Interestingly enough at this point, his co-author James Patterson spoke up at this point, saying “why didn’t the press investigate this stuff 30 years ago?”
But thirty years ago was 1988. Bill Clinton was elected to the Presidency in 1992. While Mr. Patterson’s statement was apparently off-the-cuff, it probably backfired as it would raise the question of “why wasn’t Bill Clinton himself investigated more thoroughly? He was doing his philandering back then!!”
However, this didn’t derail the interview visibly. At this point, though, things really started to get weird.
Question: I assume that you think what happened with you was more serious than what happened with Senator – former Senator Al Franken – he was driven from office from the US Senate, So norms have changed. Do you think that’s a good thing?
Clinton: Well, I think in general it’s a good thing, yes. I think the norms have really changed in terms of, what you can do to somebody against their will, how much you can crowd their space, make them miserable at work. You don’t have to physically assault somebody to make them, you know, uncomfortable at work or at home or in their other – just walking around. That, I think, is good.
“I think that – I will be honest – the Franken case, for me, was a difficult case, a hard case. There may be things in it I don’t know. But I – maybe I’m just an old fashioned person, but it seemed to me that there were 29 women on “Saturday Night Live” that out out a statement for him, and that the first and most fantastic story was called, I believe, into question.”
This last reference was to the fact that about three dozen women who worked with Senator Al Franken during his tenure on “Saturday Night Live” came out in his defense while he was facing allegations of sexual misconduct last October.

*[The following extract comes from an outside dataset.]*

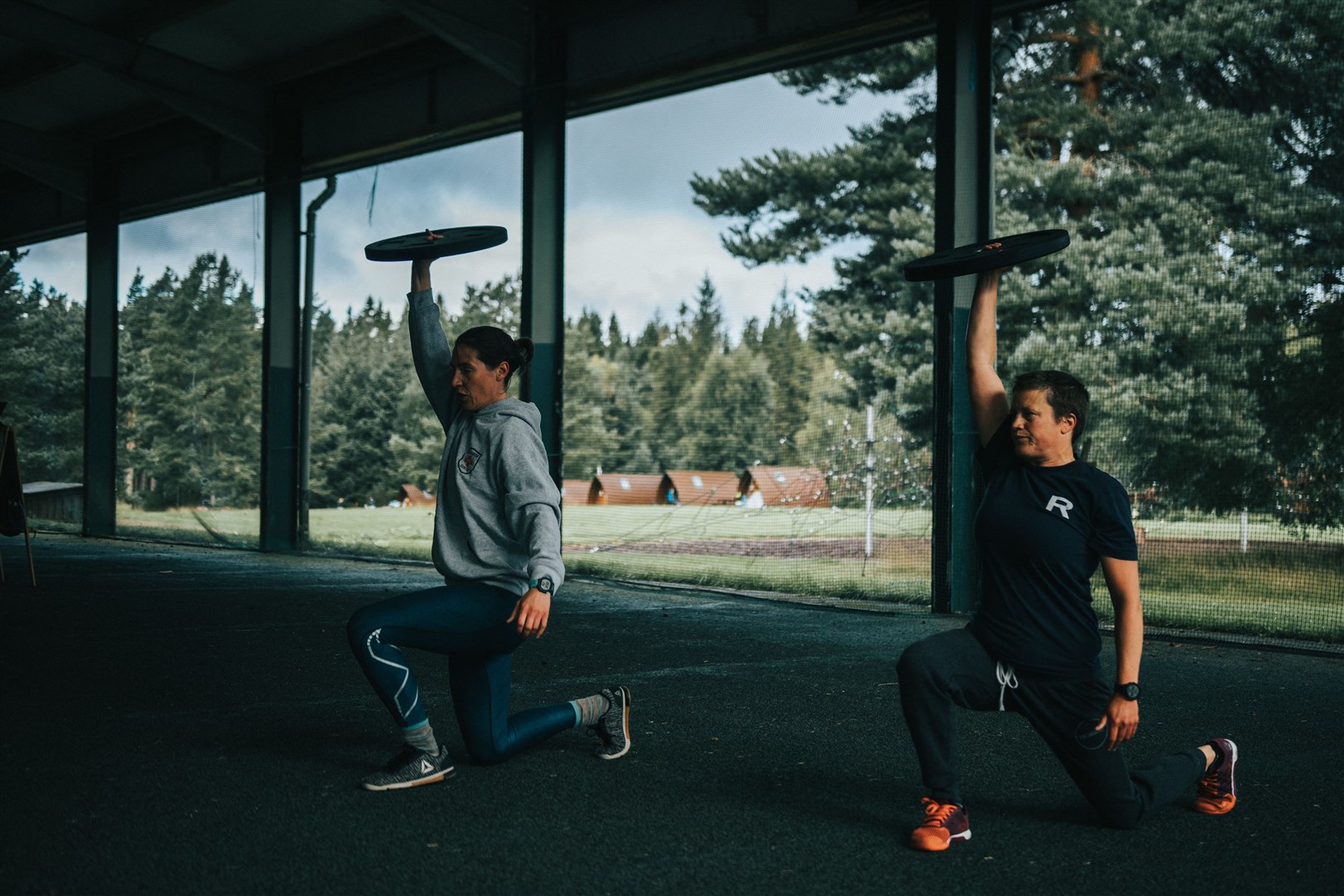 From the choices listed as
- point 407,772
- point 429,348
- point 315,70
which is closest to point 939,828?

Taken in light of the #MeToo movement, Clinton’s comments seemed to be definitely “incorrect” because he appeared to be defending Senator Franken. In fact, the overall way that Mr. Clinton responded to the questions regarding his history was as though the “increased sensitivity” allegedly brought about by #MeToo revelations was itself valid.

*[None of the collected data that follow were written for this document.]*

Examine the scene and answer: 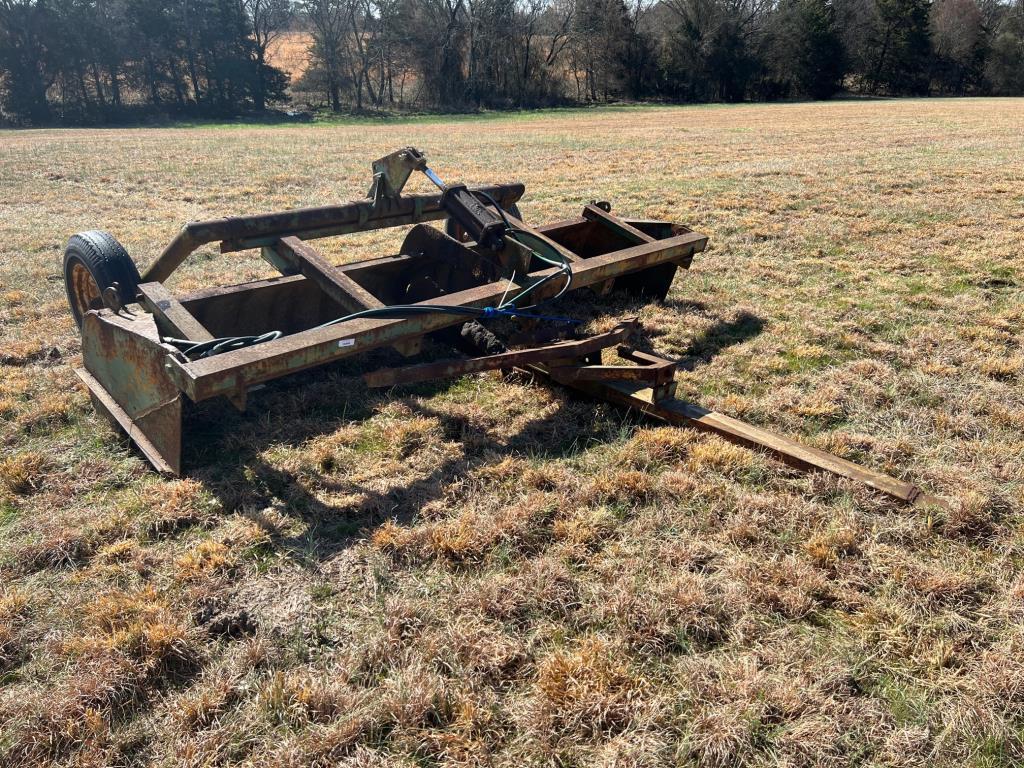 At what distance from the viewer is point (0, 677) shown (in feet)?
7.51

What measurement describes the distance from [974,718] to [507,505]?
181 centimetres

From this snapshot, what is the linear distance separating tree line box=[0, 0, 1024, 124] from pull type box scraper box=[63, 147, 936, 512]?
40.2 meters

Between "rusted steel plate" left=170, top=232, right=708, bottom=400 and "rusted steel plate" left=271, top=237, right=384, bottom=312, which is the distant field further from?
"rusted steel plate" left=170, top=232, right=708, bottom=400

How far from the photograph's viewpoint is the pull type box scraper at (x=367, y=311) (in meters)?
3.25

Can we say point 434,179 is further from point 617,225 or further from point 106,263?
point 106,263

One can see this when viewing the former President’s comments in context. Bill Clinton is an excellent talker, and quite honestly, an excellent storyteller. He has literally won Grammy awards for Spoken Voice recordings, and he is a master of the spoken word, no matter what that word is. But he is crafty, and able to play up the very likely over-done aspect of #MeToo in such a way as to appear to exonerate himself and to also subtly slam the movement even where it is entirely right and appropriate.

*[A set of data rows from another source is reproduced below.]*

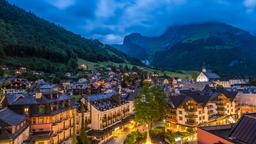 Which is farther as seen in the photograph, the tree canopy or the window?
the tree canopy

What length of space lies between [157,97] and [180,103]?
959cm

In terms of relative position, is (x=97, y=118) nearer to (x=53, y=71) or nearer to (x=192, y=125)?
(x=192, y=125)

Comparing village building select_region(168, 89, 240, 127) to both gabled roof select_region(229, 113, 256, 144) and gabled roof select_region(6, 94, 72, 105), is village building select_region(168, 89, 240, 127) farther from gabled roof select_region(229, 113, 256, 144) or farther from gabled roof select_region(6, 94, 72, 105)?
gabled roof select_region(229, 113, 256, 144)

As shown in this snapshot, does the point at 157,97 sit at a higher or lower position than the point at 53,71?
lower

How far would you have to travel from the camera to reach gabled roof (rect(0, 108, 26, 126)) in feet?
131

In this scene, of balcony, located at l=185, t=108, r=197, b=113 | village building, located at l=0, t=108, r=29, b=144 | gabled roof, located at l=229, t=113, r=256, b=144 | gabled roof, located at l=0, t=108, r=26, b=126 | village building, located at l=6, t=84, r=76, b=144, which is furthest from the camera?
balcony, located at l=185, t=108, r=197, b=113

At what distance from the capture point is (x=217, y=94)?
78.3 meters

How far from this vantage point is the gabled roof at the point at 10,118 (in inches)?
1578

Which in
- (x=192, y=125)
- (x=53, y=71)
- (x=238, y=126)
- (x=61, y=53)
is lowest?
(x=192, y=125)

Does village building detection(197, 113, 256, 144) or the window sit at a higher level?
the window

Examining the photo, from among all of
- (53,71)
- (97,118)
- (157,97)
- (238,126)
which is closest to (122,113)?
(97,118)

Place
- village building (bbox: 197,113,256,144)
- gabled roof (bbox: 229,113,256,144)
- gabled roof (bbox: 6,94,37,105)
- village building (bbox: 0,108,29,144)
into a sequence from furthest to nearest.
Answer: gabled roof (bbox: 6,94,37,105), village building (bbox: 0,108,29,144), village building (bbox: 197,113,256,144), gabled roof (bbox: 229,113,256,144)

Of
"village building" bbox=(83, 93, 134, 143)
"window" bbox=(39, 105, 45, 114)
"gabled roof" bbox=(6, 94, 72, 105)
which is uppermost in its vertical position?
"gabled roof" bbox=(6, 94, 72, 105)

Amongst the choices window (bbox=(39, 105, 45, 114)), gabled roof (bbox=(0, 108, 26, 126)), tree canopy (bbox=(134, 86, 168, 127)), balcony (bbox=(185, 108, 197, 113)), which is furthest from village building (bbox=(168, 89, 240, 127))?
gabled roof (bbox=(0, 108, 26, 126))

Clinton’s answer raised eyebrows in the news media even in CNN’s newsroom, as well as Fox News. The exception to “what you can do to somebody against their will” phrase was the source of the exceptions taken in the news media outlets, as it seemed that Mr. Clinton was subtly defending the right to take advantage of women.
Given his history and his total lack of honesty about this matter, this may have been a reveal into where the man really lives in his heart and soul on this subject. It was almost pitiful to see this in action, even, as noted before, when his partner on the interview alluded to actions that would have implicated Clinton long ago had they been taken.
It seems that the person most fooled by Bill Clinton is indeed… Bill Clinton. He seems at best, blissfully unaware of having done anything wrong.